##### Input #####

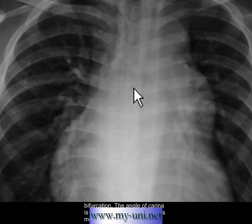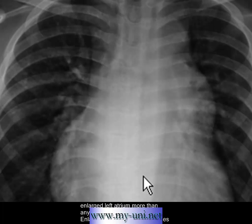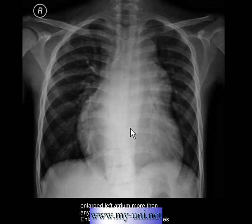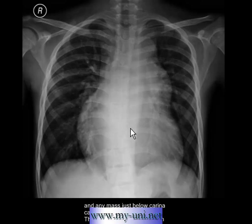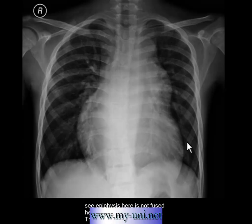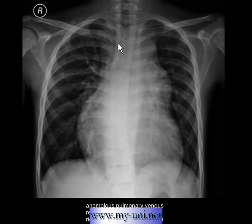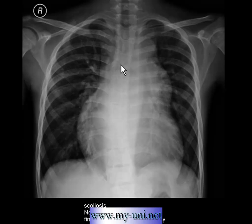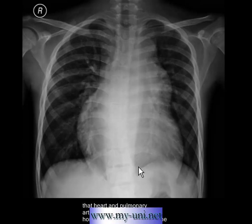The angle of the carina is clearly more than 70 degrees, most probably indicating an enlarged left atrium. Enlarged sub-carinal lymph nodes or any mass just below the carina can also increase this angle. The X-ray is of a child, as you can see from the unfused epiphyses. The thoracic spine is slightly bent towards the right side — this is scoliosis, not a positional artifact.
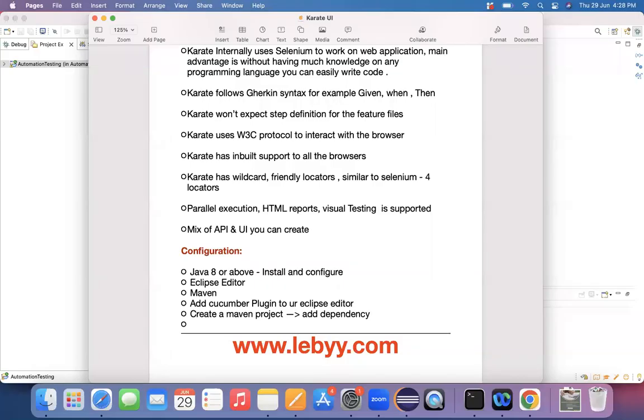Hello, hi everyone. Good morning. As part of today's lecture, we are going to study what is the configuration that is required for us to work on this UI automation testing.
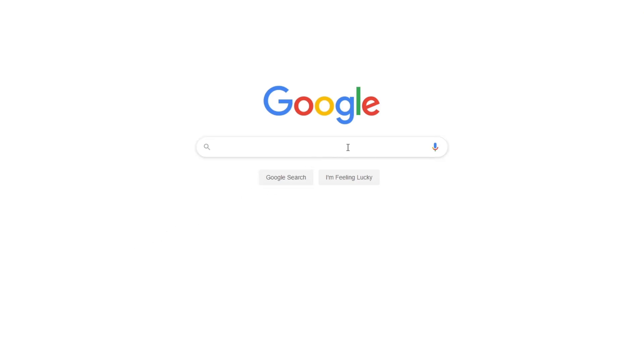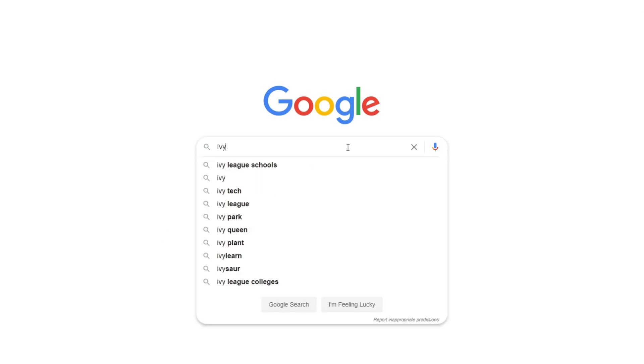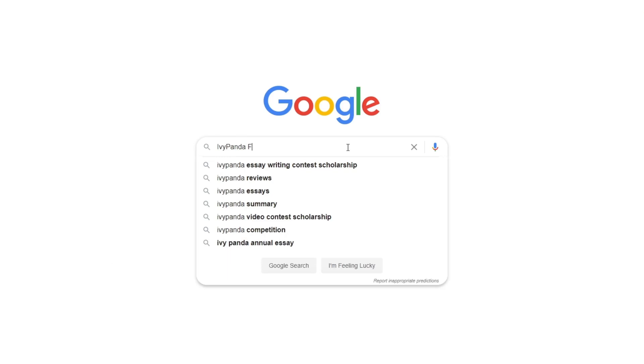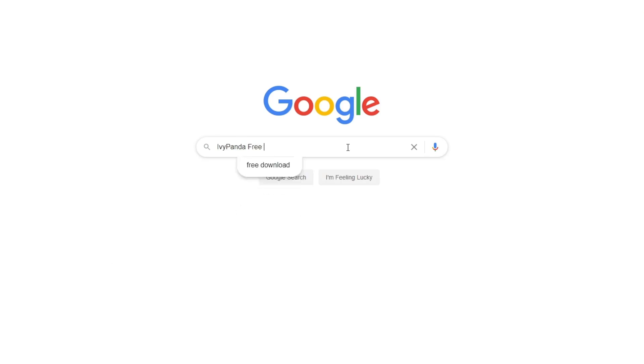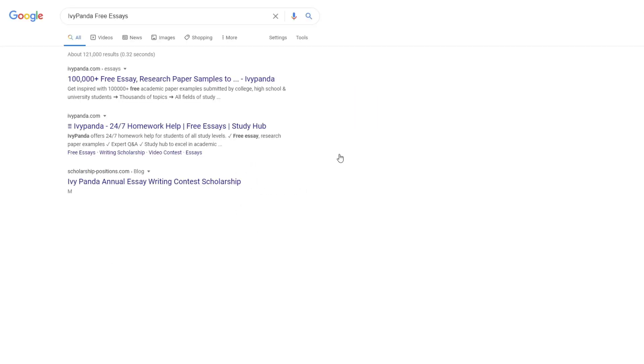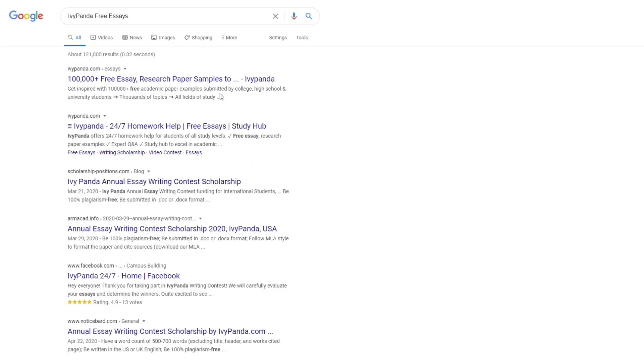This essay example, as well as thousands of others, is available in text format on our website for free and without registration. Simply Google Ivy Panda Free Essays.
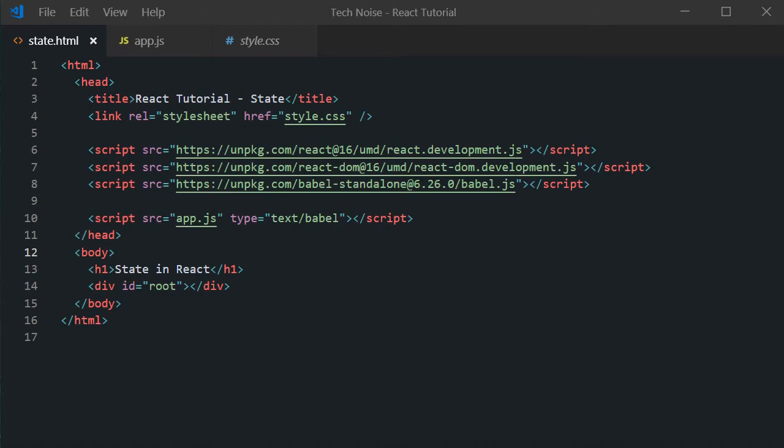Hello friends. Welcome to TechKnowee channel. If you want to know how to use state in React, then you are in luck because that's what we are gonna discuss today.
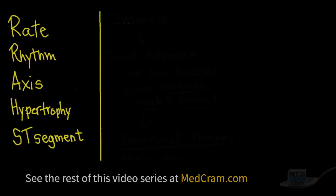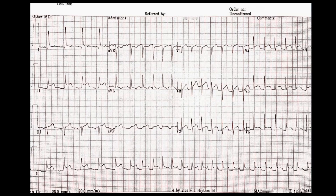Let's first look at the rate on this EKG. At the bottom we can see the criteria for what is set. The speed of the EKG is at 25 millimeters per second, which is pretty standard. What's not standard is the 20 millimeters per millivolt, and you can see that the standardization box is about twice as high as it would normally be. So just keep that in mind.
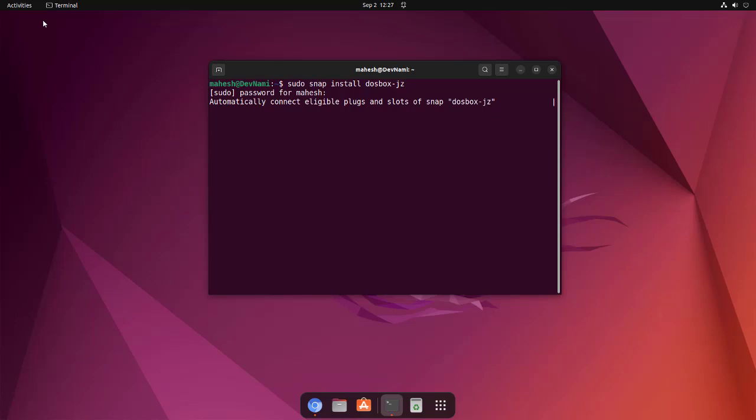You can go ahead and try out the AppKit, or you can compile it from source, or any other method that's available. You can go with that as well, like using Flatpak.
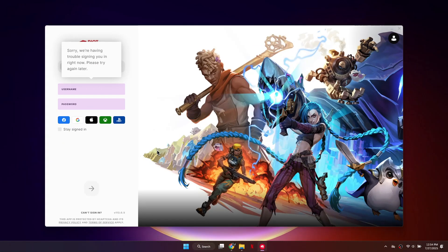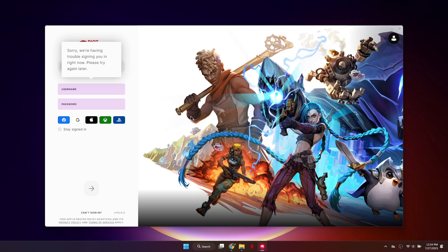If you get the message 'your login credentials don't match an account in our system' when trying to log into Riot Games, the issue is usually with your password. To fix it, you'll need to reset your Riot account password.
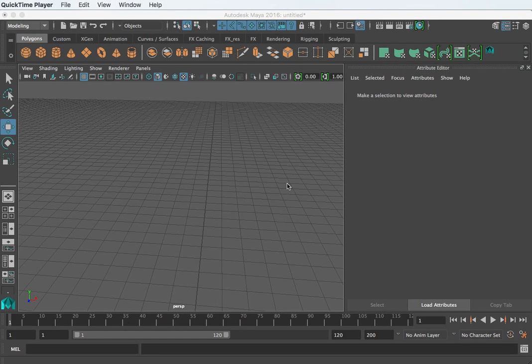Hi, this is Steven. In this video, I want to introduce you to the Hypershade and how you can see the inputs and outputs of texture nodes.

#####
##### Input #####

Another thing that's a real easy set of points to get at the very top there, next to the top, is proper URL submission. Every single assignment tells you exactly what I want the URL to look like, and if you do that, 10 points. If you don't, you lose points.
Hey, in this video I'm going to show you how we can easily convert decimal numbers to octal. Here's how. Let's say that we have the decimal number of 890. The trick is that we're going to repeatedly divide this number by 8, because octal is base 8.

#####

■ Your task ■
In the data above, find the line with "This essay example, as" and the line with "Hi, this is". Please copy exactly those two lines and every line between them, but not the pictures.

■ Reply to the task ■
This essay example, as well as thousands of others, is available in text format on our website for free and without registration. Simply Google Ivy Panda Free Essays.
Hello friends. Welcome to TechKnowee channel. If you want to know how to use state in React, then you are in luck because that's what we are gonna discuss today.
Let's first look at the rate on this EKG. At the bottom we can see the criteria for what is set. The speed of the EKG is at 25 millimeters per second, which is pretty standard. What's not standard is the 20 millimeters per millivolt, and you can see that the standardization box is about twice as high as it would normally be. So just keep that in mind.
You can go ahead and try out the AppKit, or you can compile it from source, or any other method that's available. You can go with that as well, like using Flatpak.
If you get the message 'your login credentials don't match an account in our system' when trying to log into Riot Games, the issue is usually with your password. To fix it, you'll need to reset your Riot account password.
Hi, this is Steven. In this video, I want to introduce you to the Hypershade and how you can see the inputs and outputs of texture nodes.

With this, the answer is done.